“Ganhar a confiança da população”

Temperaturas de até 50 graus e perigo latente: Sandra Muth esteve durante três meses no Mali com as Forças Armadas alemãs, em missão da ONU.

Bundeswehreinsatz in Mali
dpa

“Eu estive no Mali de março até julho de 2019 como subcomandante de companhia e fiquei com a impressão de que nós pudemos ganhar a confiança da população. A tarefa da minha unidade, no âmbito da missão de estabilização MINUSMA, é aumentar a segurança do nosso acampamento em Gao no Mali, através da nossa presença. Ao mesmo tempo, nós também contribuímos, juntamente com as outras tropas da ONU, para melhorar a segurança da população.
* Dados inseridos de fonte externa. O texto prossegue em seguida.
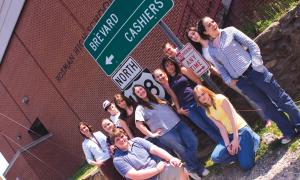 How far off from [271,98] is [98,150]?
301cm

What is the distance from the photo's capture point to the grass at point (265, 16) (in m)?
9.31

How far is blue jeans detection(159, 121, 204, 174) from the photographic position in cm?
799

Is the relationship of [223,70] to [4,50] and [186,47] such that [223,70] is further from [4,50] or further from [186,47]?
[4,50]

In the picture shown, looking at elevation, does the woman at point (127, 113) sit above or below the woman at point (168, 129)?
above

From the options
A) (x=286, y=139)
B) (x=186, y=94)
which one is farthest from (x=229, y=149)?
(x=186, y=94)

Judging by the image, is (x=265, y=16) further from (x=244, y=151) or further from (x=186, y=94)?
(x=244, y=151)

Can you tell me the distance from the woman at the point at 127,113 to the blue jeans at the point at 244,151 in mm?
1618

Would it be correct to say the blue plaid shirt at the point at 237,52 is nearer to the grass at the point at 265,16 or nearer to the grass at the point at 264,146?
the grass at the point at 264,146

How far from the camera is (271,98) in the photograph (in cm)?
703

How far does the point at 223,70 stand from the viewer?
719cm

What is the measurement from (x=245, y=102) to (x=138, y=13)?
253 centimetres

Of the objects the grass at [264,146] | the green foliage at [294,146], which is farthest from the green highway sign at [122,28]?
the green foliage at [294,146]

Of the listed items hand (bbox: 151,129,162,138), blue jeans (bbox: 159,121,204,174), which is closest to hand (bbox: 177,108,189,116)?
blue jeans (bbox: 159,121,204,174)

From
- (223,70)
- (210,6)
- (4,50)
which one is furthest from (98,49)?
(4,50) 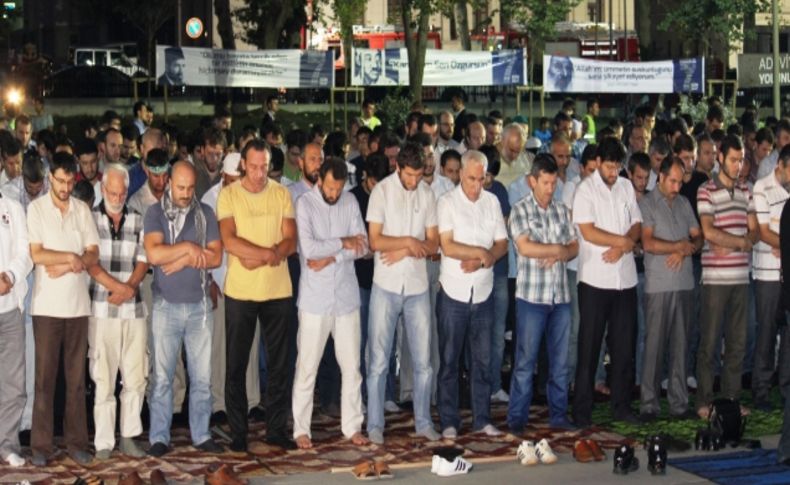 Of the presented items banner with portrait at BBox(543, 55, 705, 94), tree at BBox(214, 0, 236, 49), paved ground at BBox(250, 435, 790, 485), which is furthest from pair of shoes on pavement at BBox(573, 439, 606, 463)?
tree at BBox(214, 0, 236, 49)

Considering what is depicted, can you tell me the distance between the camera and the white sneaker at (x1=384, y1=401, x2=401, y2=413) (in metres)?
14.2

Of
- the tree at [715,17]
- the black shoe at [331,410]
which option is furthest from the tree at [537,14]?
the black shoe at [331,410]

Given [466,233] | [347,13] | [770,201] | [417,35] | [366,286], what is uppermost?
[347,13]

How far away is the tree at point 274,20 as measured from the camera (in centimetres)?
4556

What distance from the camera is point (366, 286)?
1373cm

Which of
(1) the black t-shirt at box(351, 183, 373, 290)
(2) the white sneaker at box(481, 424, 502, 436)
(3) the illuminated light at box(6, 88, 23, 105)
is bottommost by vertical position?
(2) the white sneaker at box(481, 424, 502, 436)

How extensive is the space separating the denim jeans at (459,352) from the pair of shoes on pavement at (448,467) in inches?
52.0

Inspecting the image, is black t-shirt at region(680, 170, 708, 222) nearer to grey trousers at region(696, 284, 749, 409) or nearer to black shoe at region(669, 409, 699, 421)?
grey trousers at region(696, 284, 749, 409)

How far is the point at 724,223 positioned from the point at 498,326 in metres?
2.07

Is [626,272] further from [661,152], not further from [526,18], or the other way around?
[526,18]

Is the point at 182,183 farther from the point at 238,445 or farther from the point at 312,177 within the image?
the point at 238,445

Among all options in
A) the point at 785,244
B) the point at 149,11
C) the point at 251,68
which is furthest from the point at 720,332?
the point at 149,11

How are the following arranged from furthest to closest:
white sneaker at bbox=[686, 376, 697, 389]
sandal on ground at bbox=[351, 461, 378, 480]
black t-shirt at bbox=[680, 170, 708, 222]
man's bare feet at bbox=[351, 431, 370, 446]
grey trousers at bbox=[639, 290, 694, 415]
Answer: white sneaker at bbox=[686, 376, 697, 389] < black t-shirt at bbox=[680, 170, 708, 222] < grey trousers at bbox=[639, 290, 694, 415] < man's bare feet at bbox=[351, 431, 370, 446] < sandal on ground at bbox=[351, 461, 378, 480]

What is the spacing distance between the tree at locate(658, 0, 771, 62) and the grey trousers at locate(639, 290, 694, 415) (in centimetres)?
3544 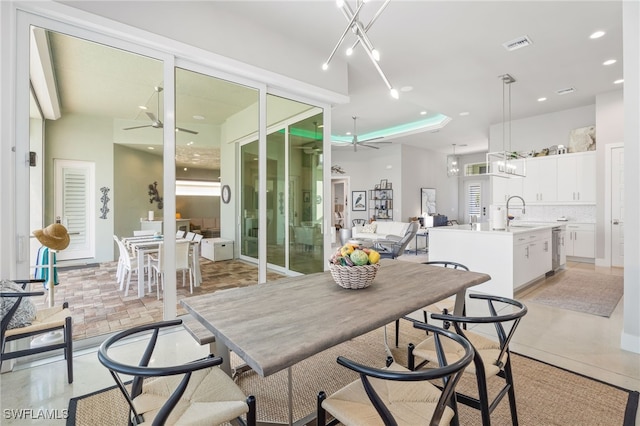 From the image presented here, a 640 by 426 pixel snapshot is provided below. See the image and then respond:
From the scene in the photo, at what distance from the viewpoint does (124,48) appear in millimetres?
2635

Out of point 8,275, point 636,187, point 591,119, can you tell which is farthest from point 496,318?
point 591,119

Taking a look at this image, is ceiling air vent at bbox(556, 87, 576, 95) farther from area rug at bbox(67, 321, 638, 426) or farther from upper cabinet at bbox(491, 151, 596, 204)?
area rug at bbox(67, 321, 638, 426)

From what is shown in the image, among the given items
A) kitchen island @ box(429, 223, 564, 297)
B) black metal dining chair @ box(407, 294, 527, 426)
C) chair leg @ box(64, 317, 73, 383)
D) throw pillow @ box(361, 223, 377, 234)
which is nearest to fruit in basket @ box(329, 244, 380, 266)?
black metal dining chair @ box(407, 294, 527, 426)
Fora do acampamento, conversamos muito com as pessoas e ganhamos assim a sua confiança. Nós fazemos patrulhamento na região de Gao.

Capitã Sandra Muth em Gao.
Capitã Sandra Muth em Gao. Bundeswehr

Muito importante em tudo isso é permanecer imprevisível. Por isso, no acampamento das Forças Armadas alemãs no Norte do Mali não há nenhum dia igual ao outro. Após um patrulhamento a pé, nós retornamos para Gao e lá, descemos do veículo. Alguns de nós patrulham a pé pela cidade – frequentemente com temperaturas de mais de 50 graus centígrados. Com todo o equipamento, isso é um grande esforço físico; meus camaradas e eu ficamos contentes em ver que estávamos bem treinados para isso.

Nós conversamos muito com as pessoas e ganhamos assim a sua confiança

Capitã Sandra Muth

No início, as pessoas ainda estavam muito reservadas. Mas pouco a pouco, elas vieram cada vez mais até nós, espontaneamente, para falar conosco por exemplo quando faltava material nas escolas. Dessa maneira, pudemos obter uma boa avaliação do ânimo da população. As pessoas nos deram a entender que, através de nós, se sentiam mais seguras. As mulheres e as crianças pequenas acenavam quando nós chegávamos, nos davam a mão e caminhavam junto conosco por um trecho da cidade. Elas estavam muito agradecidas. Durante minha estada no Mali, a situação nunca foi arriscada.

Em tais missões das Forças Armadas alemãs no exterior, eu noto que nós fazemos um trabalho sensato nesses países. Por isso, não precisei pensar muito, se iria ou não para Mali. Quando ficou claro que a nossa companhia estava prevista para a missão no Mali durante meio ano, eu logo me alistei entre os voluntários.

Nós, soldadas e soldados, somos como um grande família, a gente quer participar também exatamente quando se trata de missão no exterior. Para meus pais e meus irmãos inicialmente, isso não foi agradável, naturalmente. Mas eu creio que é assim em todas as famílias, quando um dos seus vai para o exterior por um determinado tempo. Através do serviço gratuito de comunicação das Forças Armadas, há no acampamento a possibilidade de falar com a família por telefone ou de um ‘chat’ com os familiares pela internet. Naturalmente, há também o tradicional correio militar, com o qual as cartas e os pacotes tardam cerca de uma semana. Pode-se até mesmo encomendar alguns petiscos de casa. E quando os pacotes chegam ao acampamento, então é um pouco como se fosse Natal”.